Expatica news

Expat investors: Standing firm against market volatility

Instability in the financial markets has dented appetite for risk among expat investors, a survey by Lloyds TSB International revealed today.

  • Over a third (40 percent) of expat investors are concerned about swings in the financial markets; up from 36 percent last year;
  • But most are resisting the temptation to chop and change their investments as only one in five (21 percent) made frequent changes to their portfolios in the last two years;
  • Perceived lack of opportunity elsewhere is holding investors back; 39 percent cite this as main reason for reducing number of investment changes.

As Ian Martin, Head of International Advisory at Lloyds TSB International said: “While investors might be concerned that they aren’t seeing as many opportunities outside of their current portfolio, making fewer changes to their investments can be a sound approach in the current market.

“While the global indices remain in a state of flux it is often very difficult to predict in which direction the markets will move, and therefore longer term asset allocation picks have been key. The fact that currency weakness in local markets also ranks highly as a concern underlines the particularly unique situation that expat investors are in.”

The research into the investment habits of 714 expat investors demonstrated an increasing reluctance to speculate on new investments and one of the main concerns to emerge has been around market volatility.

Of those surveyed, 40 percent cite market volatility as being one of their main investment concerns; more than any other factor, except currency weakness in their local market. This is a further increase on last year, when 36 percent were expressing concerns about market volatility, and shows the significant extent to which financial instability has impacted their outlook and appetite for risk.

“For this group of investors who are concerned about a weak local currency, the risk of making frequent changes is compounded by the fact that they could face greater potential currency-related losses if the market dips unexpectedly,” Mr Martin said.

Sensibly, expat investors continue to be cautious about altering their asset allocation. The number of investors who say they make regular changes to their portfolio has fallen from more than a quarter (27 percent) in 2012 to a fifth (21 percent) in 2013. Among UK-resident investors, the figure was 26 percent for 2013. Over half of those surveyed (53 percent) have made no changes to their investments whatsoever in the last six months.
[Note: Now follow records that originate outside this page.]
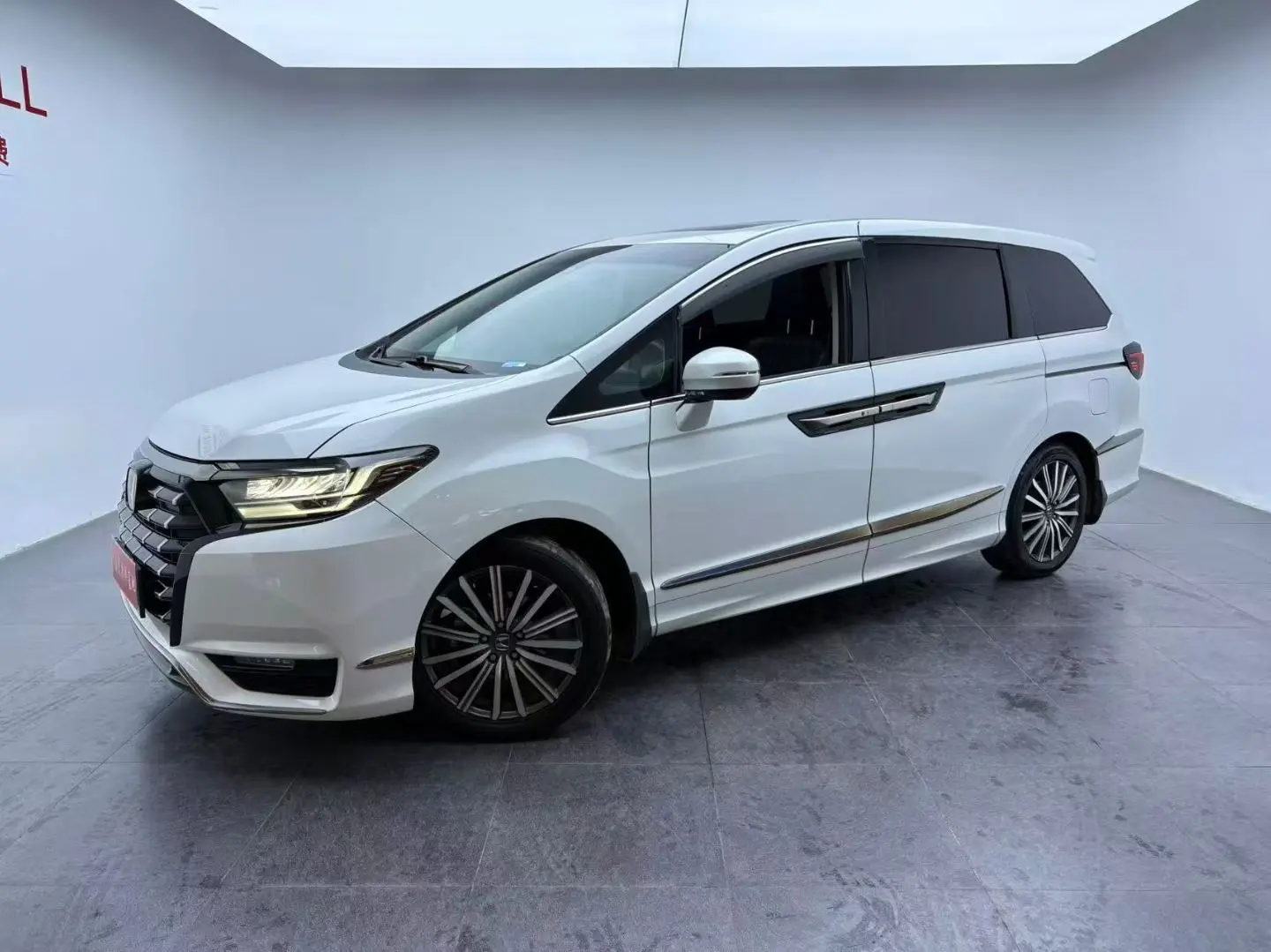 Honda Elysion (Alison)  из Китая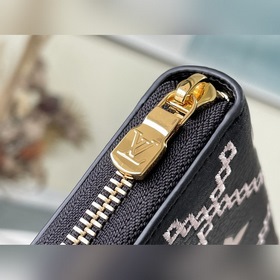 LV Артикул： M81141 (вышивка) Черный Кошелек на молнии Материал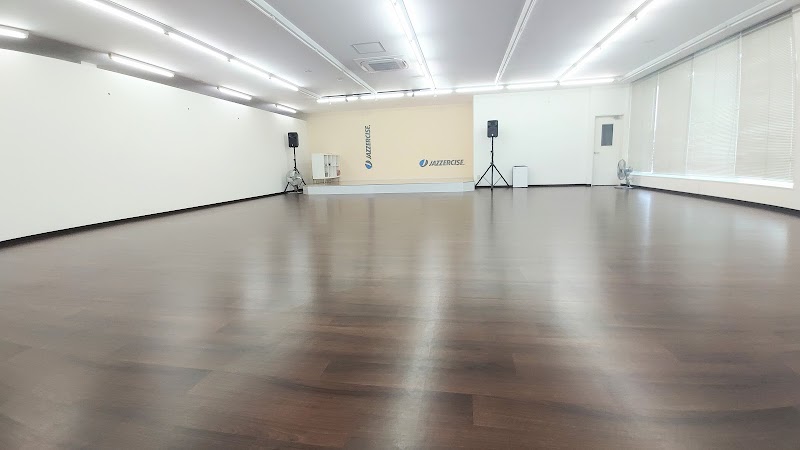 Jazzercise Studio Miyawaka Miyawaka City - Day Spa in Miyawaka City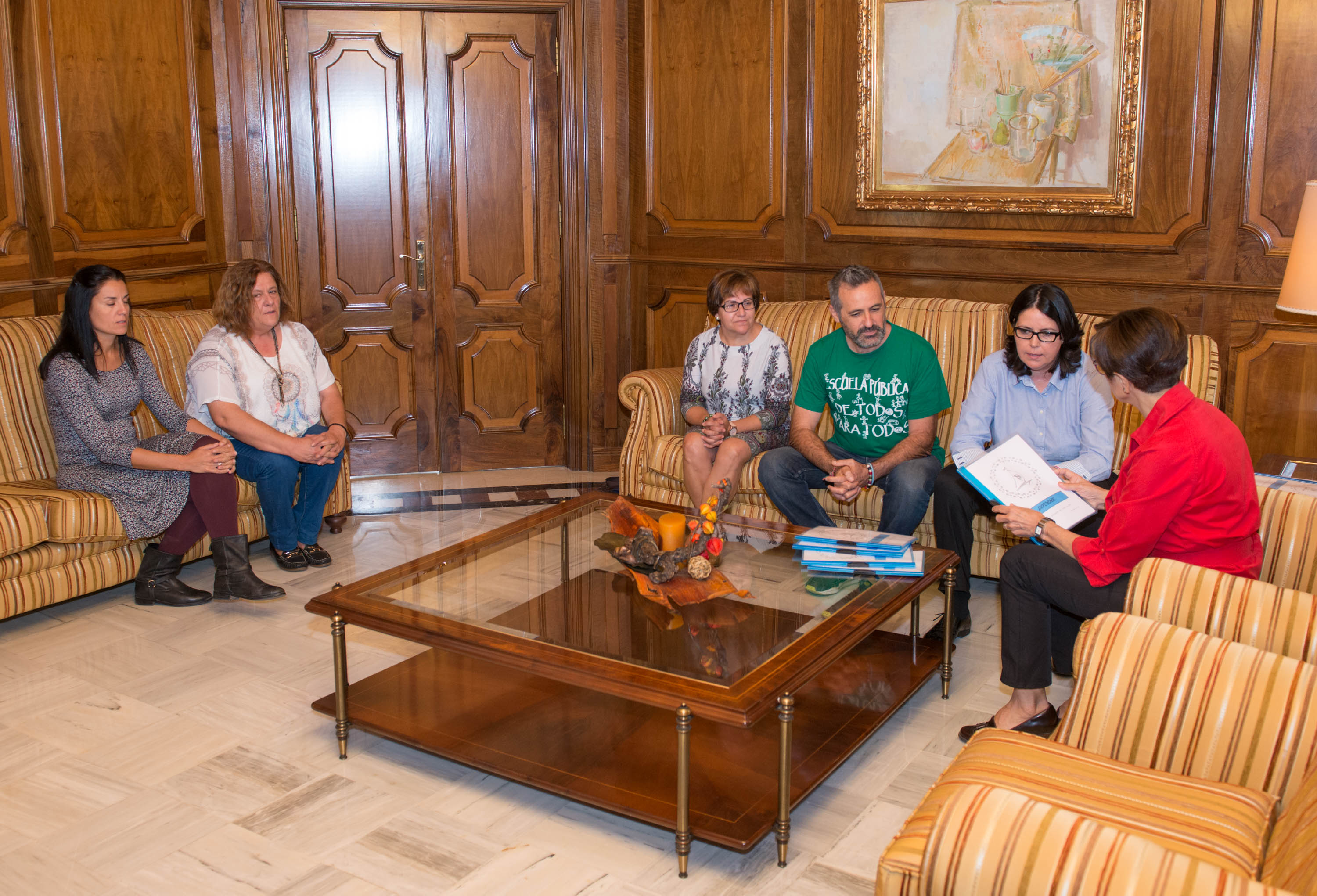 La plataforma 'Cambiemos la rotonda de Pozo Aledo' se ha reunido con la presidenta de la Asamblea Regional, Rosa Peñalver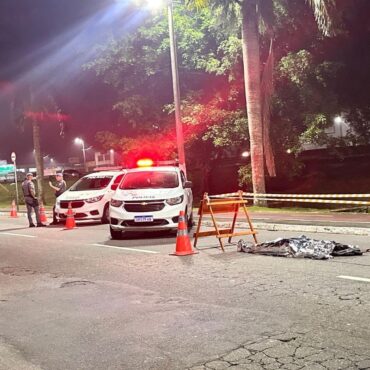 ciclista-de-64-anos-morre-atropelado-ao-atravessar-avenida-no-litoral-de-sp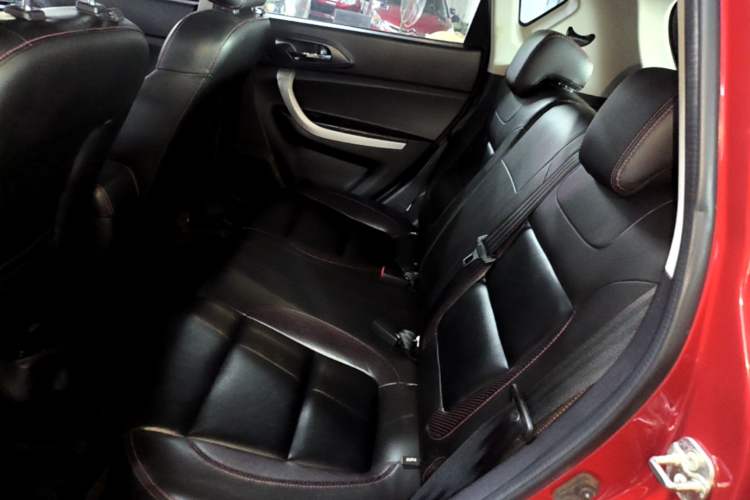 Used CHANGAN CS35 2015 1.6L Manual Luxury Model China IV Standard Left Rear Seat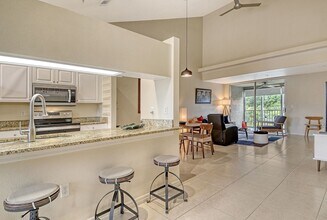 8370 Wingate Dr in Sarasota, FL - Building Photo - Building Photo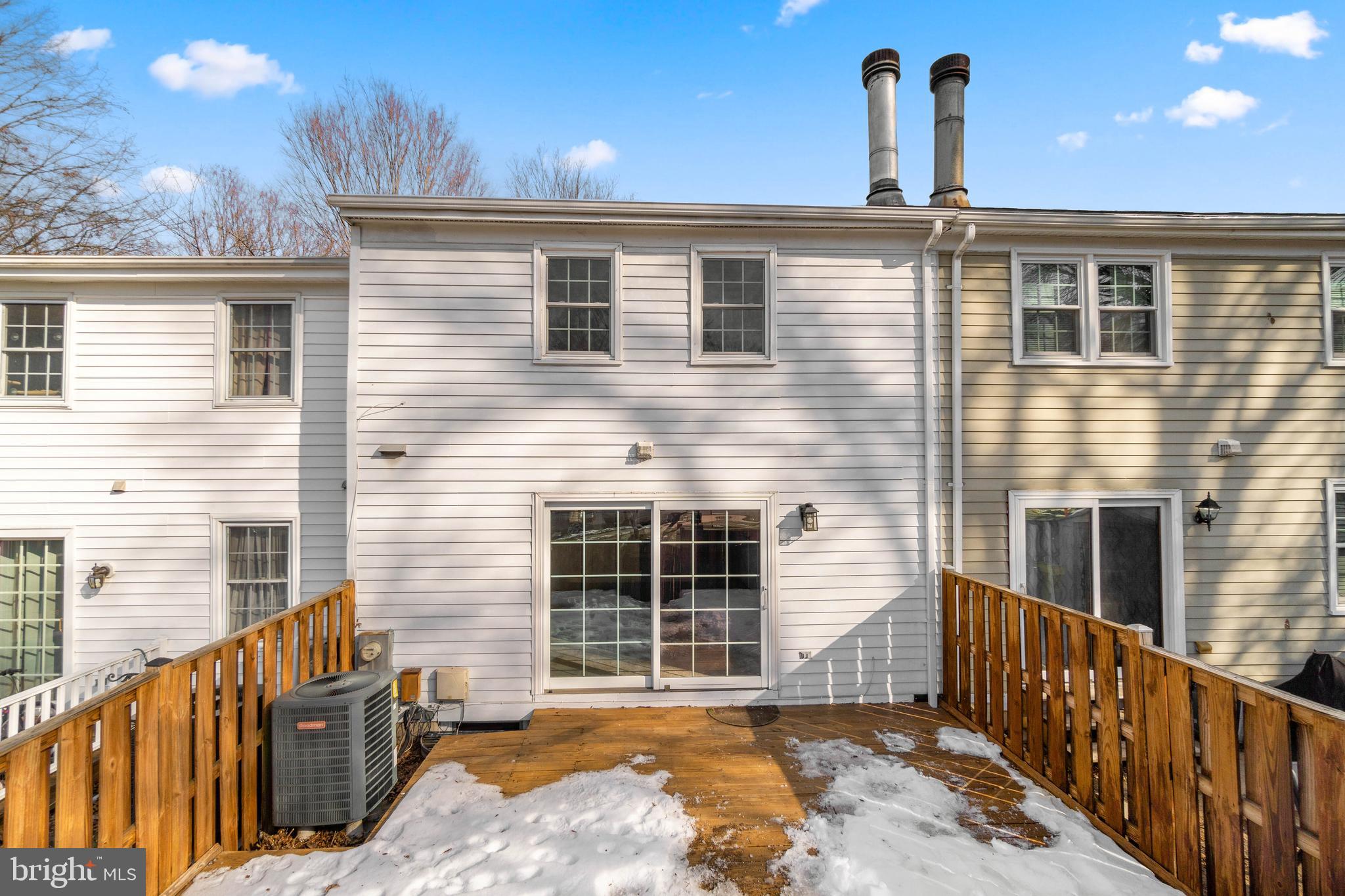 CROFTON SQUARE - Residential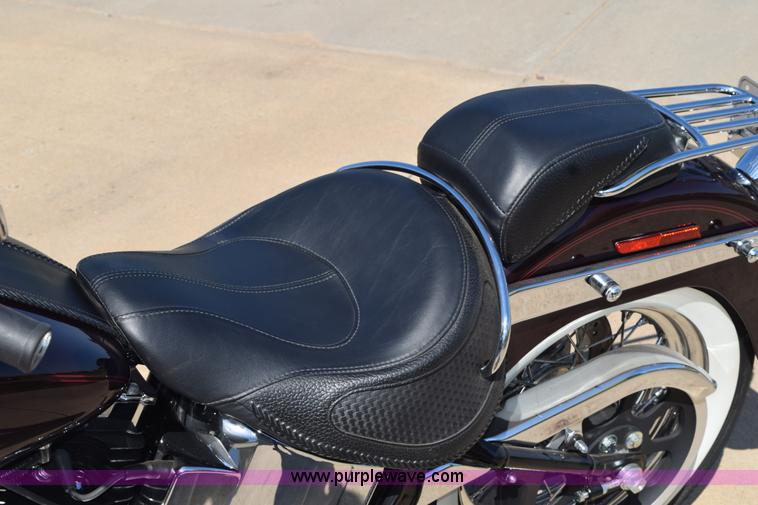 image for item K6179 2006 Harley Davidson Softail Deluxe motorcycle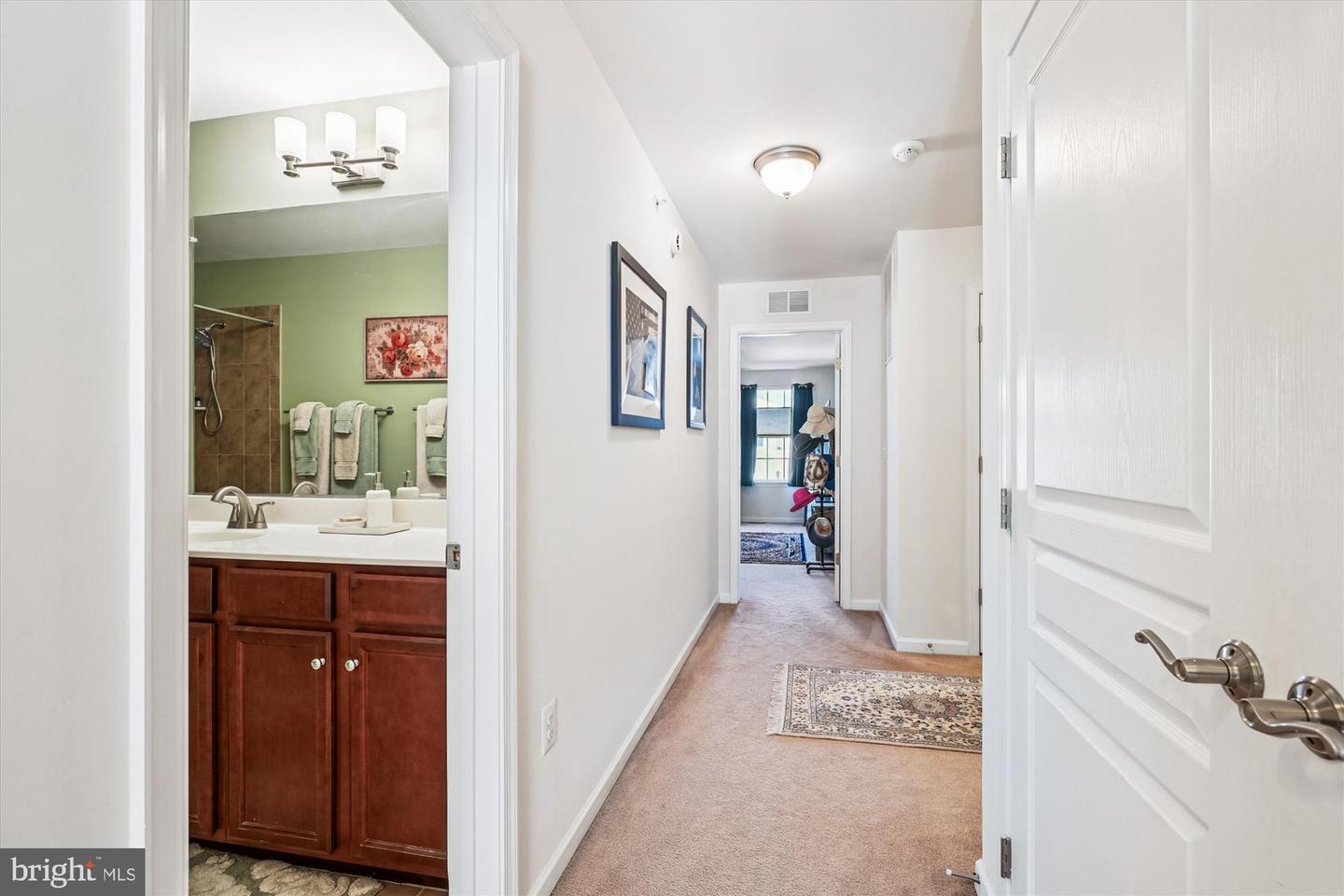 14840 MASON CIR, WOODBRIDGE, Virginia 22191, 3 Bedrooms Bedrooms, 6 Rooms Rooms,2 BathroomsBathrooms,Residential,For sale,14840 MASON CIR,VAPW2110420 MLS # VAPW2110420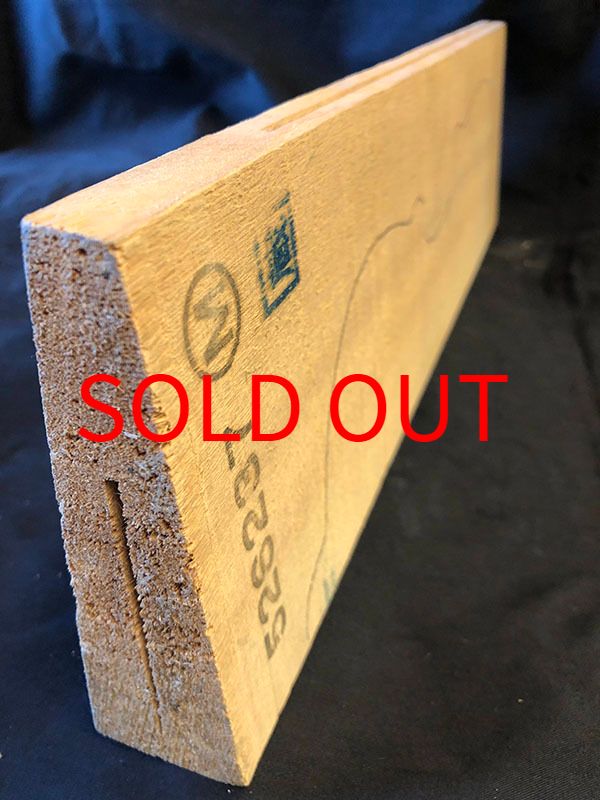 スプルース表板断面図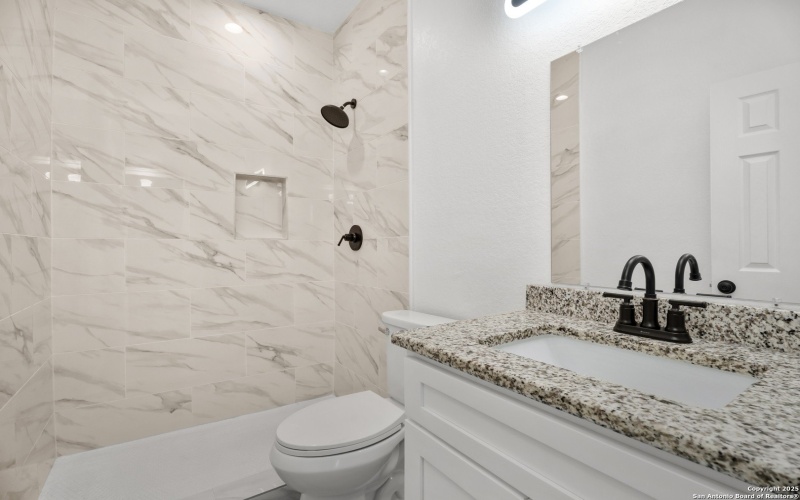 1032 Blueridge Dr, Canyon Lake, TX 78133, 3 Habitaciones Habitaciones , ,2 BañosBaños,Residential,En Venta,1032 Blueridge Dr,0,1914059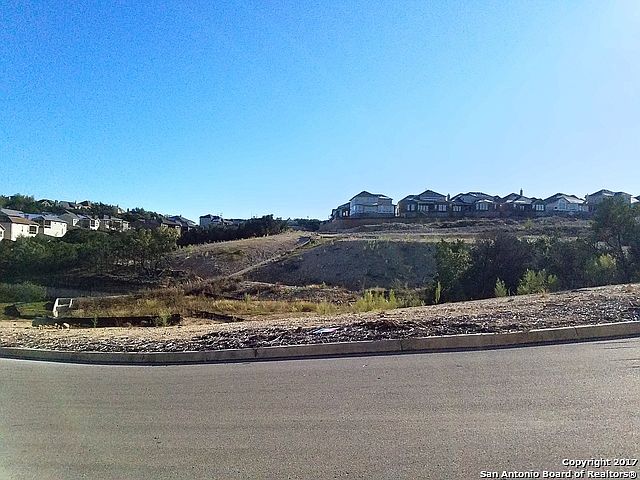 1st image of 402 Majestic Blf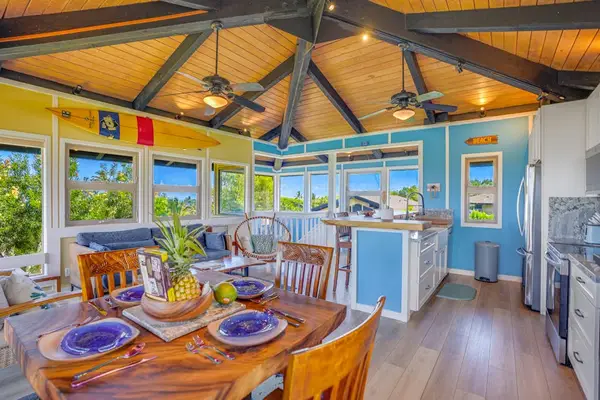 Dining room with seating for four while you take in the panoramic views of your tropical paradise.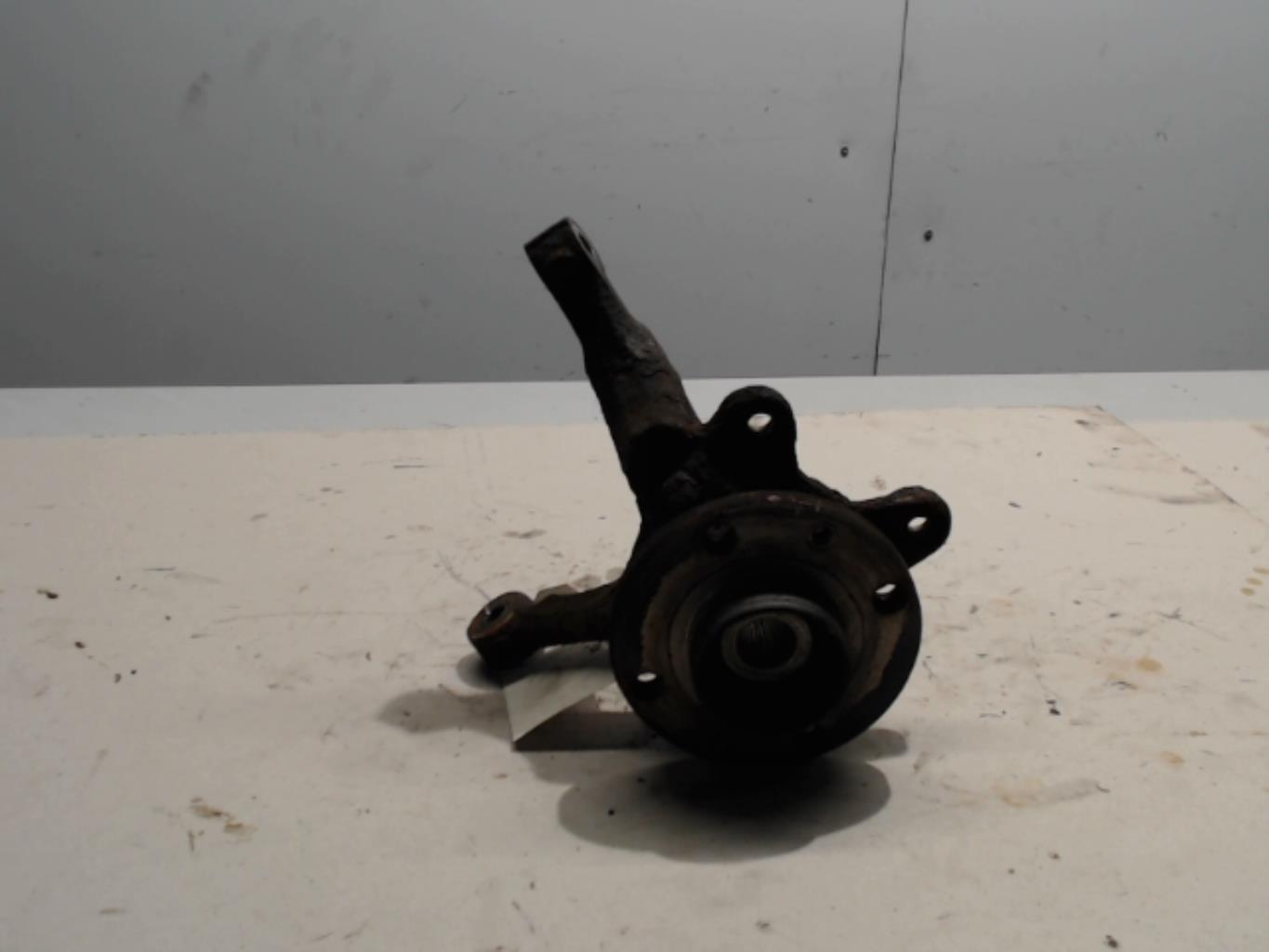 Fusee avant droit RENAULT R19 PHASE 2 Diesel - 1
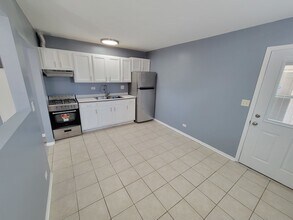 6222 W Addison St in Chicago, IL - Building Photo - Building Photo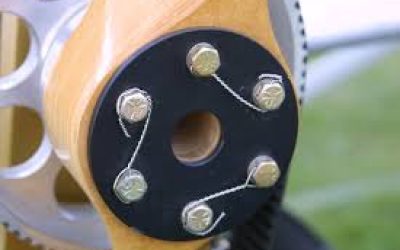 aircraft locking devices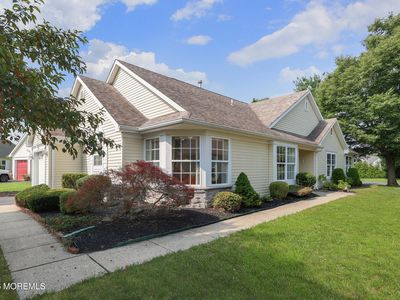 2538 Ridgemont Court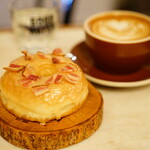 グッド タウン ドーナツ - LATTE (￥630)、MAPLE BACON (￥430)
Over a third of investors (39 percent) say that they have been discouraged by a perceived lack of opportunity elsewhere, with this topping the list of reasons investors gave for why they have reduced the number of changes they made to their investments.

This was followed by increased levels of stability in their own personal financial circumstances (28 percent), meaning that they have not had to adjust their investments accordingly. Significantly however, almost a quarter (25 percent) said that they were learning to control knee-jerk reactions to market volatility.

“It’s interesting to see the extent to which investors have learnt to ride-out the storm. In the face of today’s yo-yo recovery, the benefits of this strategy are clear. Investors who reacted to every market shock may well have lost out as the markets rebounded,” Mr Martin said.

Contributed by Lloyds TSB International.


*All figures, unless otherwise stated, are from a survey of 714 British expat private investors based in 14 popular expat destinations. The places involved are Australia, Canada, France, Germany, Hong Kong, New Zealand, South Africa, Switzerland, Spain, Jersey, Guernsey, the Isle of Man, UAE and the USA. The research was conducted online in May 2013 by Freshminds on behalf of Lloyds TSB International.